Ах, если бы точно знать, где расположен Центр, то действительно было бы очевидно. Но кто-то другой, спущенный, или наоборот вознесенный, может быть, от той же едва выносимой усталости, в тот же Сад, выбирает свой центр, и держится за свое Дерево, и от него у него расходятся свои круги, где важно совсем другое, и больно совсем другое, и слезы совсем не о том…
Мы то ли видим друг друга, то ли видим в других себя, то ли спим, то ли бодрствуем, но вот, что важно: если наши центры хоть как-то согласованы или открыты для посещений, метафорически, если мы можем, оторвавшись от своего, притронуться к чужому дереву, ощутив запах его плодов, фактуру коры, увидеть цвет переливающихся при лунном и солнечном свете листьев, то мы можем друг с другом договориться, а иначе никак.
Переходить от дерева к дереву - это совсем не игра, это больно, поскольку намеренное или случайное смещение центра, внутри, приводит к смешению всяких разных энергопотоков, полей, эманаций, каких-то волокон, что-то внутри головы и тела переходит в активное состояние, а что-то наоборот, и в результате мы то заболеваем, то выздоравливаем, нам открывается для осознания Бог знает что, и Бог знает что закрывается, а если Центр не сдвигать, то тогда обеспечен покой, но цена - изоляция, одиночество, и опять отсутствие времени и пространства.
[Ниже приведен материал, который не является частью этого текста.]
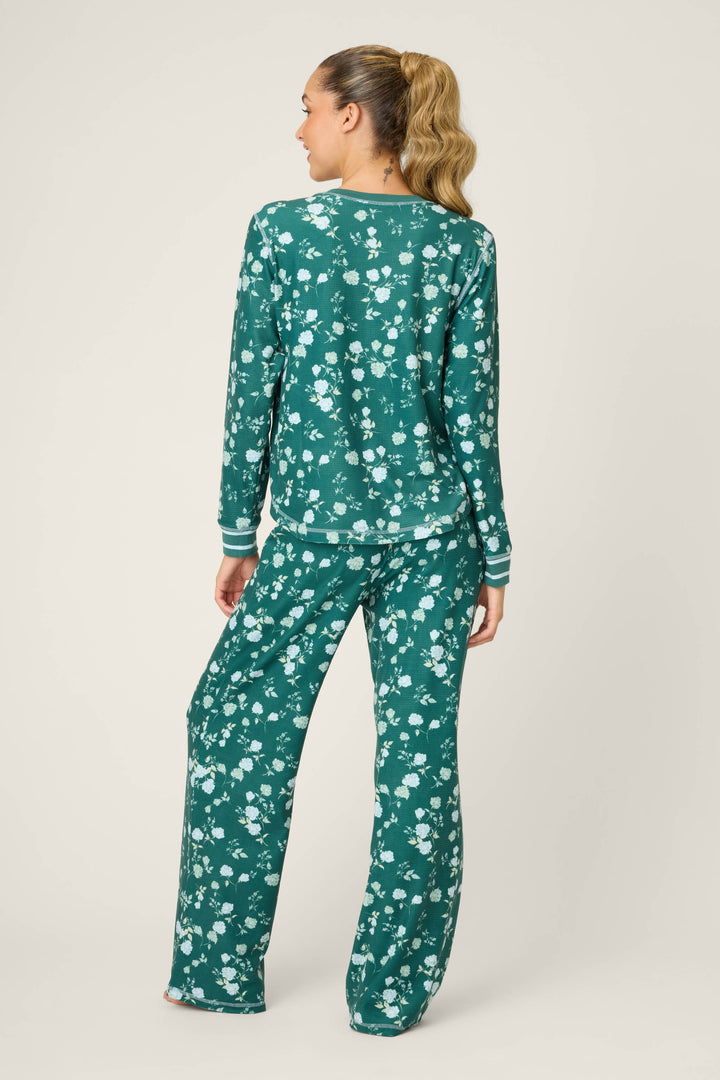 A woman faces away, wearing the P.J. Salvage FLORAL PJ SET WINTER LAND—a dark green, white floral pajama set with a long-sleeve top and loose pants. Her long hair is styled in a ponytail.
…В войну, впрочем, теряются и параметры и координаты, всегда, и не стоит спрашивать, почему прежние дни были лучше сегодняшних, - не от мудрости задают такие вопросы, и то, и другое сотворено, чтобы не мог человек постичь, что будет после него.
Но вот, одна знакомая женщина, постигшая мудрость, или наоборот, не отличающая ум от глупости и печаль от веселья, просто взяла и открыла свой дом для солдат, которым далеко ездить с базы домой. У нее они могут пить, есть, стирать, болтать, обниматься, купаться, смеяться, и спать на чистом белье. Несмотря на обстрелы, она приезжает на базу, забирает к себе ребят, и отвозит их тоже, и поскольку ей всякий раз приходится преодолеть конкретное расстояние, к ней вернулось пространство.
А другая знакомая женщина, безостановочно и неуловимо легко меняющаяся как небо, и плотная как невспаханная земля, подобрала побывавшего в хищных птичьих когтях котенка, только родившегося, но уже изорванного, истерзанного, измученного, меньше детской ладошки величиной, и стала его выкармливать из пипетки, раз в час, от заката и до восхода, от восхода и до заката. И к ней вернулось время.
В общем, если без крика, без рекламных кампаний, попробовать вот это все, то та самая точка, с которой началась и пошла история, сначала внутри, а потом и снаружи, сдвигается, и тогда страх и усталость, прицепившись к смущенному Злу, перестают звучать в качестве основной темы и уходят из Центра.
Ничего нового, кроме гипнотической красоты сцепленных слов.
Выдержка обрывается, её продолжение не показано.